A military spending bill that repeals DADT has already passed the House. This is a devious and dishonest ploy by enablers within our government. They tie this unconscionable repeal to spending meant to enhance the ability of troops now engaged in warfare to succeed. What results is that those who vote against this bill because of the part that repeals DADT, as whether it fails to pass or not, can be said to have been against supporting the troops. At the same time, the military has requested that Congress do nothing on this issue until it can be reviewed by the military, but apparently members of Congress think they know better what's best for the military than military people.
And this is where the article comes in. Even if the military leaders are wrong if they vote against a repeal (which they would not be), it is still something only they can righteously judge because the responsibility of the quality of our military falls on them.
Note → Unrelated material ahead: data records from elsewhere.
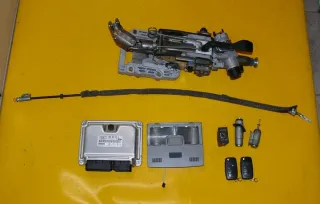 8E0907401P 0281011136 Блок управления двигателем Audi A6 C5 (S6,RS6) Арт e5678710, вид 1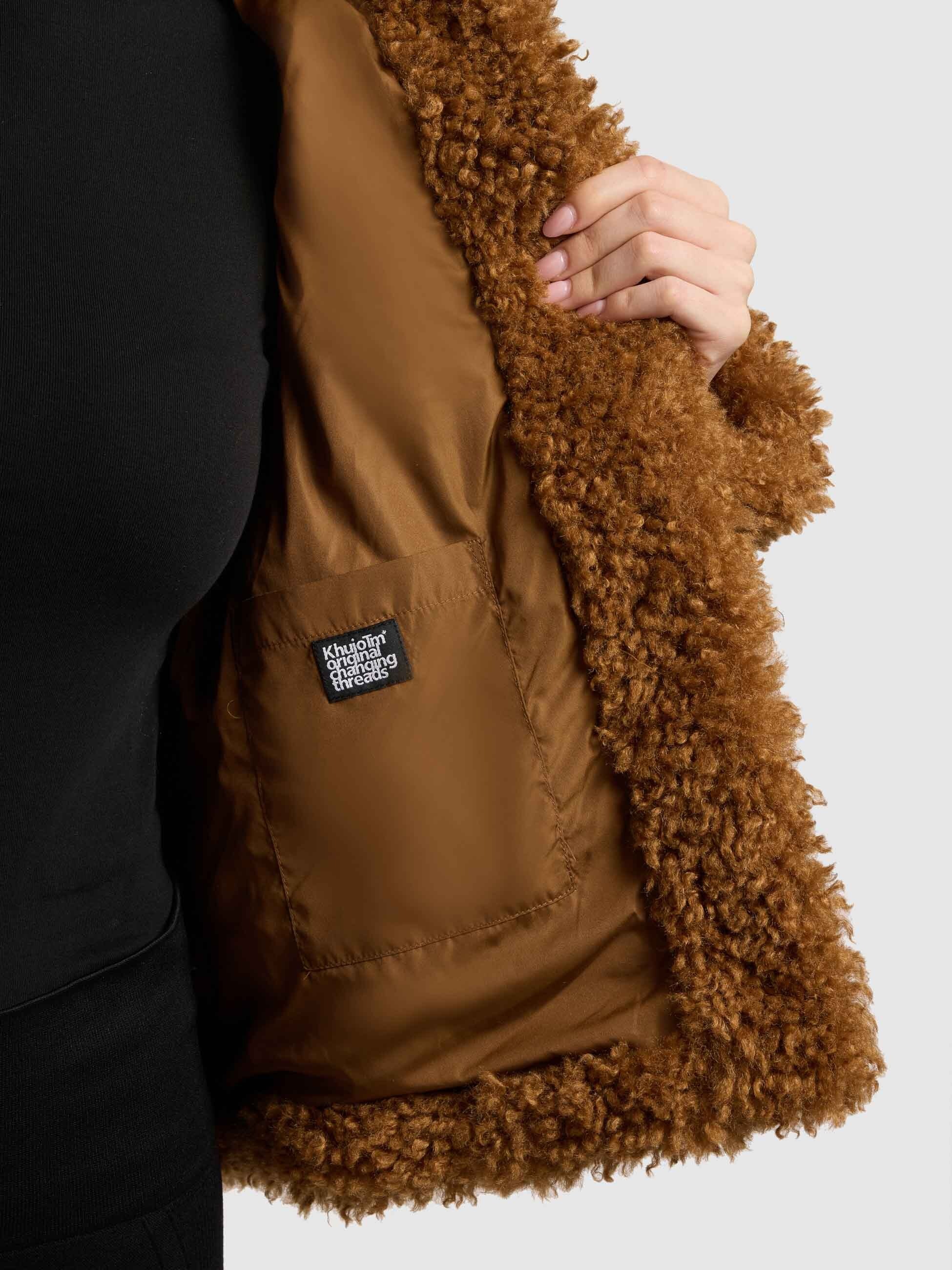 khujo Winterjacke »CHAYA« ohne Kapuze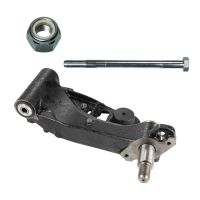 Swing arm rear left with fastening material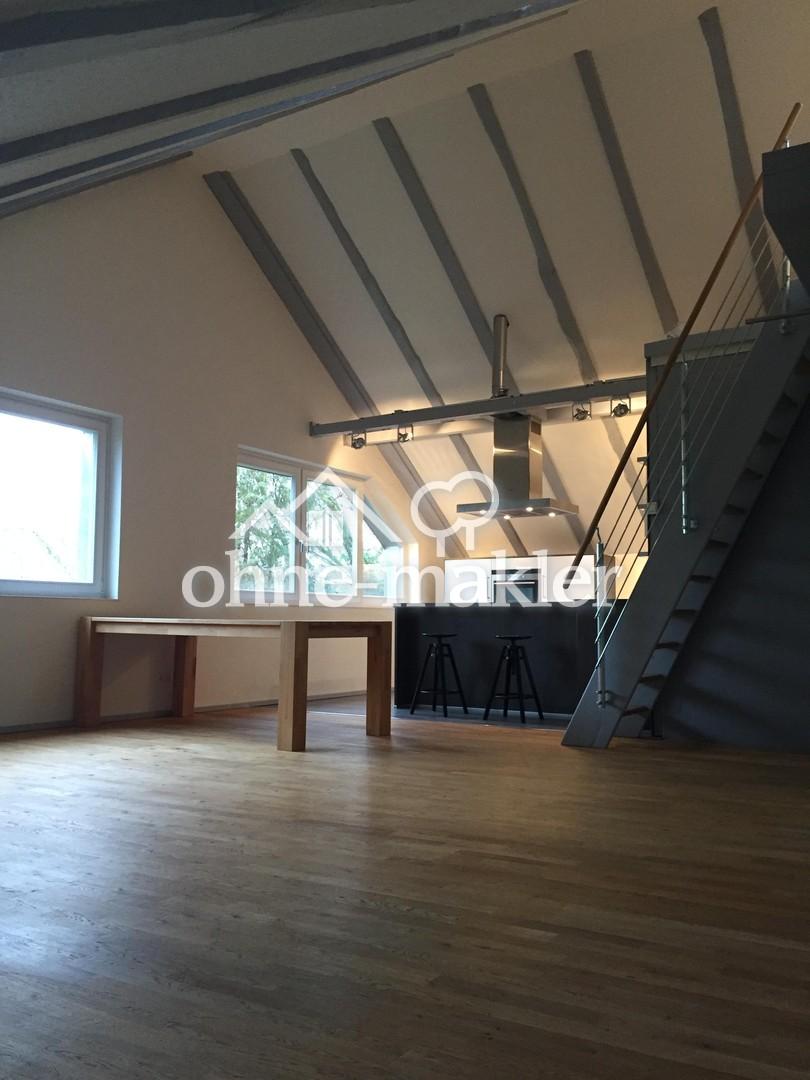 Exklusive Loft-Wohnung mit offener Galerie und Design-Einbauküche in Vögelsen - Photo 3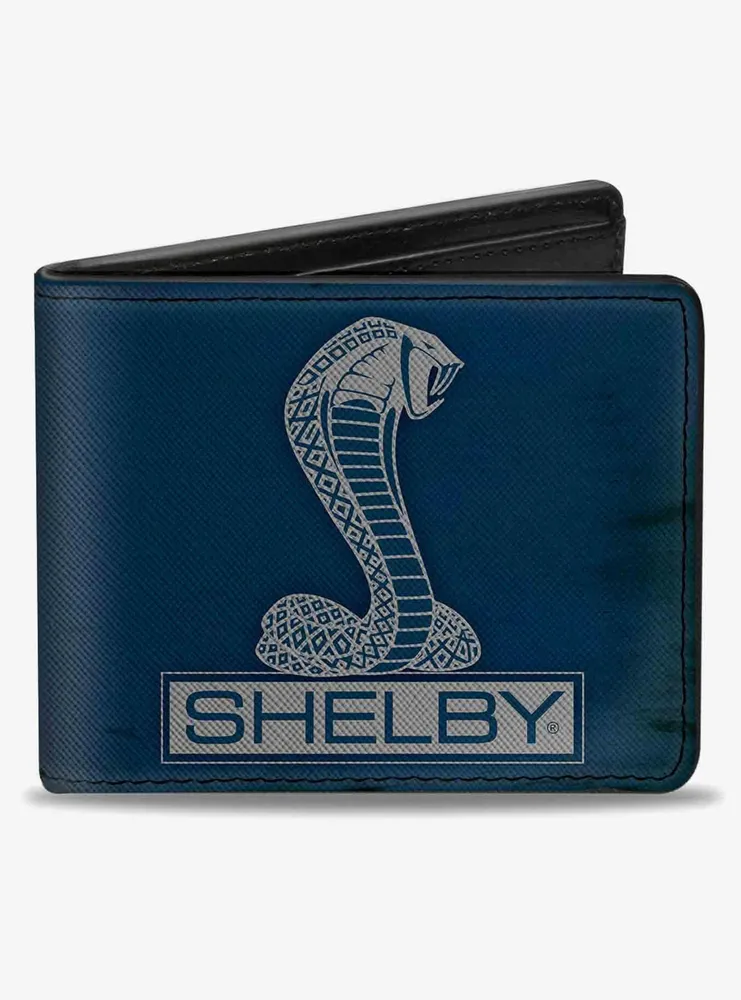 Shelby Tiffany Box Weathered Bifold Wallet
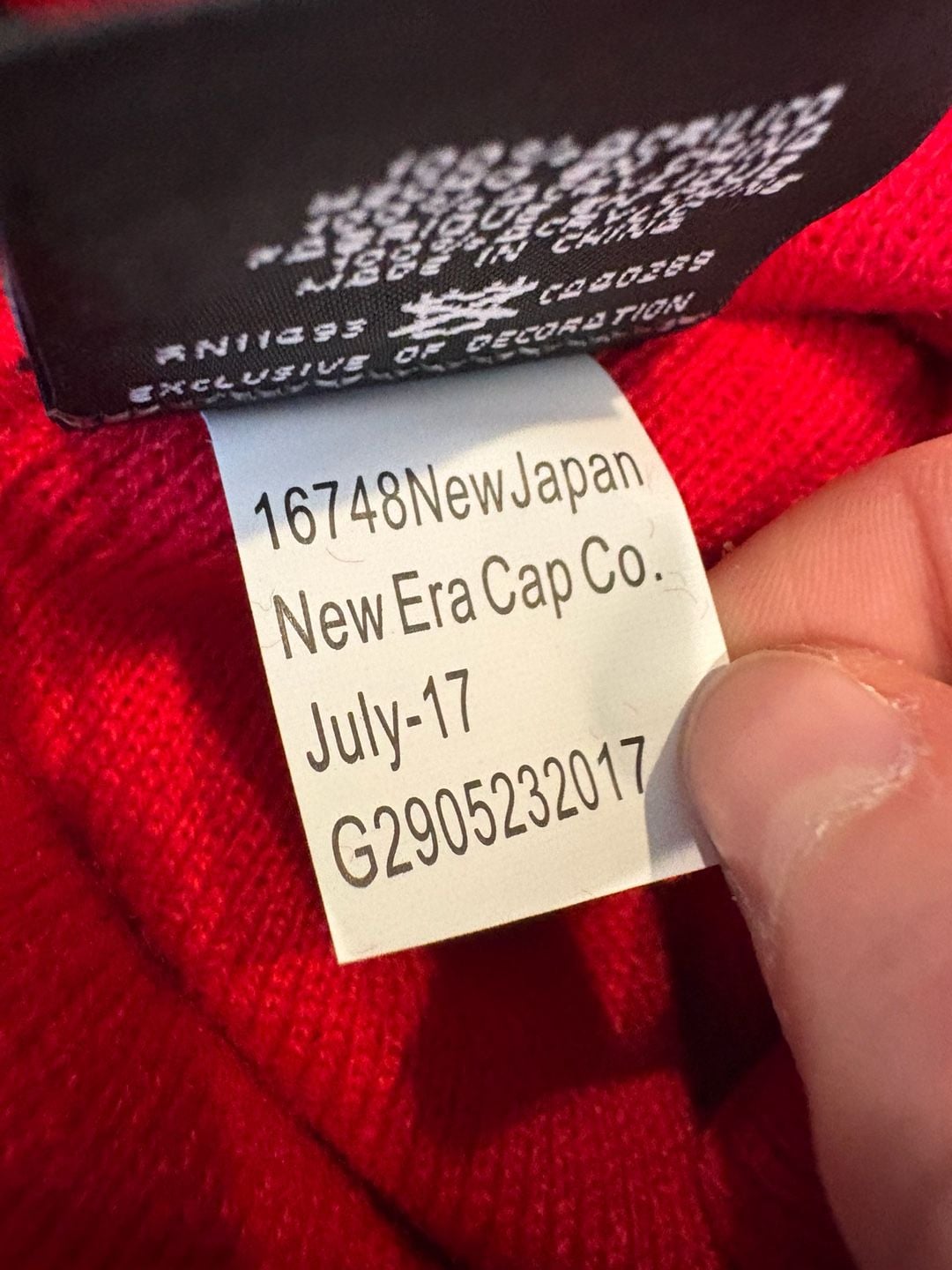 Supreme New Era Box Logo Beanie FW17. Brand new.  11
But it seems there are too many political animals in the military as we see by an article in today's paper heralding the first batch of women now assigned to submarines in the Navy. There have already been higher incidents of rapes and pregnancies since women were allowed to serve on other ships, and now somehow, closer quarters won't make a difference. Don't these boneheads understand that our ability to protect the nation is at stake?
The article begins with a perfect example of boneheadedness:
"Chairman of the Joint Chiefs of Staff Adm. Mike Mullen recently fired another salvo to repeal “Don’t Ask, Don’t Tell,” the 1993 law that prohibits openly gay people from serving in the Armed Forces, when he declared before the Senate Armed Services Committee, "No matter how I look at the issue I cannot escape being troubled by the fact that we have in place a policy which forces young men and women to lie about who they are in order to defend their fellow citizens." "
"Lie about who they are"? Not at all. What common sense people are hoping for is that such people resist who they are, just as we hope pedophiles resist who they are, adulterers resist who they are, thieves resist who they are, etc., etc., etc. Why should this behavior be considered immutable, yet all other behaviors forbidden under the UCMJ not? Where's the social justice for rapists and thieves? The lie is that there is no difference between homos and heteros and that there won't be serious negative ramifications should this stupidity be made into law. The article to which I've linked lists a number of considerations that are more than just potential, but are worth a wager for their extreme likelihood.
UPDATE: More common sense on the issue of DADT is found here. It is even better than the one above for the fact that it focusses more directly on the real point of the opposition to the repeal of DADT. As much as some want to see it as some kind of racial like discrimination against those poor homosexuals, it is and always has been an issue of military effectiveness and how that would be impacted by the repeal.